Действительно новое, близкое, нужное способны сказать символисты: в глубине души народной звучит им подлинно религиозная правда о земле; это потому, что они не более или менее индивидуалисты, а индивидуалисты, повернувшиеся к России: оттого-то Мережковский, индивидуалист-ницшеанец, когда-то сумел понять Достоевского, Гоголя и Толстого так, как никогда никто их не понимал: читаем ли мы его или не читаем, но, когда мы говорим о Достоевском, мы во власти его идей. Те же индивидуалисты, которые и по сю пору глядят на Запад, никогда не вырвутся из-под власти Ницше. Западу некуда идти после Ницше. Индивидуалисты-западники или до конца, или еще не до конца ницшеанцы. Их участь — признать Богом себя. Бог — это я; Ты — это «Я»; они не поймут, пока не вернутся к народу, что их «Я» есть «Он» для народа. Если бы поняли они, что их «Я» в сущности не «Я», что подлинное «Я» их — в лучшем случае стремление к дальнему «Я», а это дальнее «Я» и есть народный «Он», «Бог», Который в сердце народном открывается, в «Я» открывается. Если б это они поняли, религия зажглась бы в них — да. Но они этого не понимают, не хотят понять.

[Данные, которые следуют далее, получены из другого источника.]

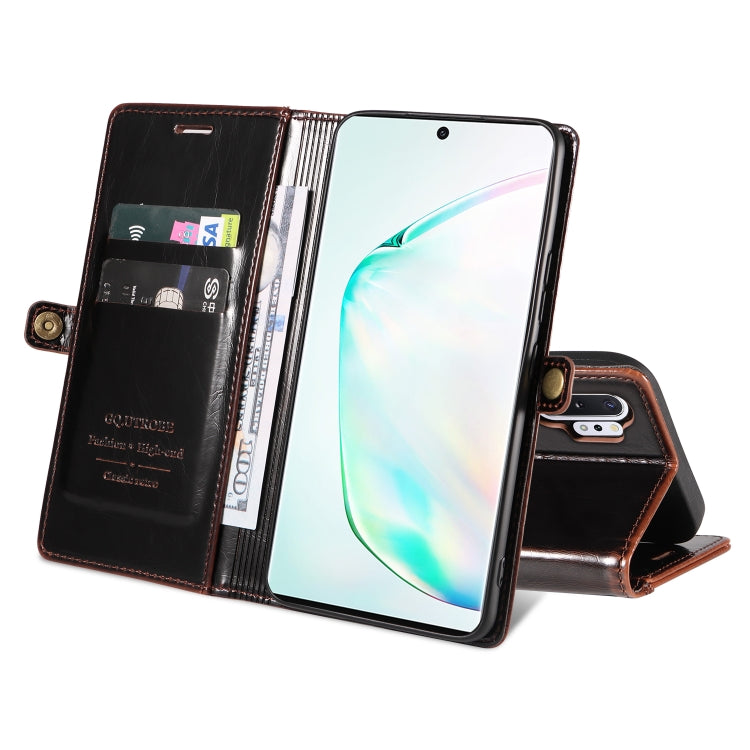 For Samsung Galaxy Note10+ GQUTROBE RFID Blocking Oil Wax Leather Phone Case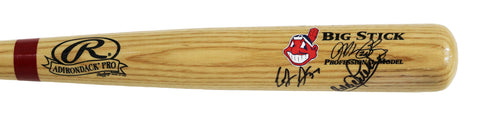 Michael Bourn, Cody Allen, Abraham Almonte, Sandy Alomar Jr. Cleveland Indians Signed Autographed Rawlings Big Stick Natural Bat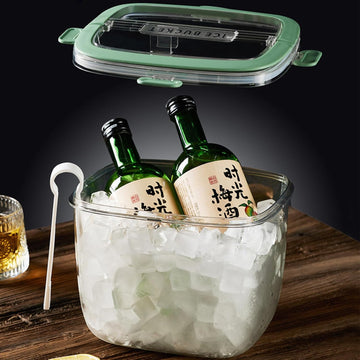 Portable Ice Bucket With Lid & Tong Camping, Clear Plastic Storage Bin for Freezer, Refrigerator, Whiskey, Wine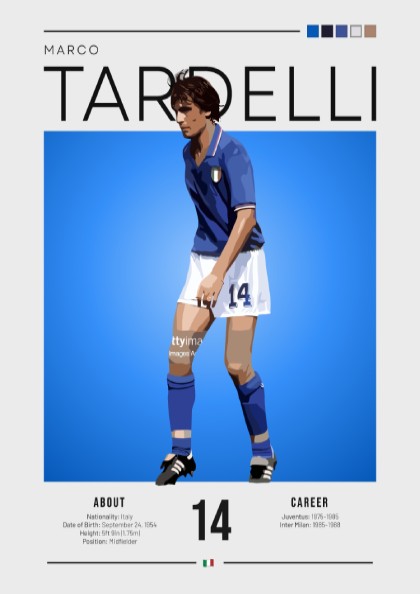 Marco Tardelli poster featuring vibrant blue jersey and minimalist design, celebrating Italian football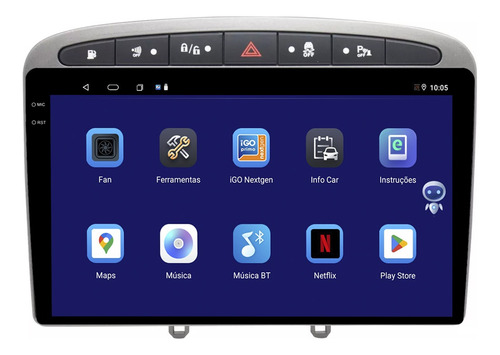 Multimidia Peugeot 308 9p Octacore Android Carplay 6gb 128gb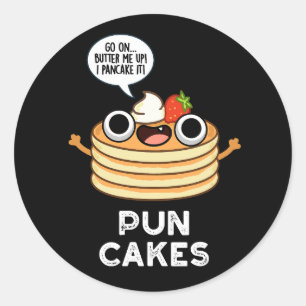 Sticker Rond Puncakes Drôle Pancake Pun Dark BG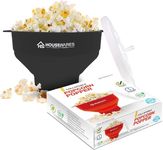 Collapsible Silicone Microwave Hot Air Popcorn Popper Bowl With Lid and Handles (Black)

Есть и полуобернувшиеся к народу, например Блок. Тревожную поэзию его что-то сближает с русским сектантством. Сам он себя называет «невоскресшим Христом»; а его Прекрасная Дама, в сущности, хлыстовская Богородица. Символист А. Блок в себе самом создал странный причудливый мир, но этот мир оказался до крайности напоминающим мир хлыстовский. Блок или еще народен, или уже народен. С одной стороны, его мучают уже вопросы о народе и интеллигенции, хотя он еще не поднялся к высотам ницшевского символизма, т. е. еще не переживал Голгофы индивидуализма. Оттого-то народ для него — как будто Эстетическая категория, а Ницше для него — только «чужой, ему не близкий, не нужный идол». Люди этого сознания не понимают вовсе, что соединение с народом не эстетика, как и Ницше не кумир, а самый близкий брат, принявший подвиг мученичества за всех нас.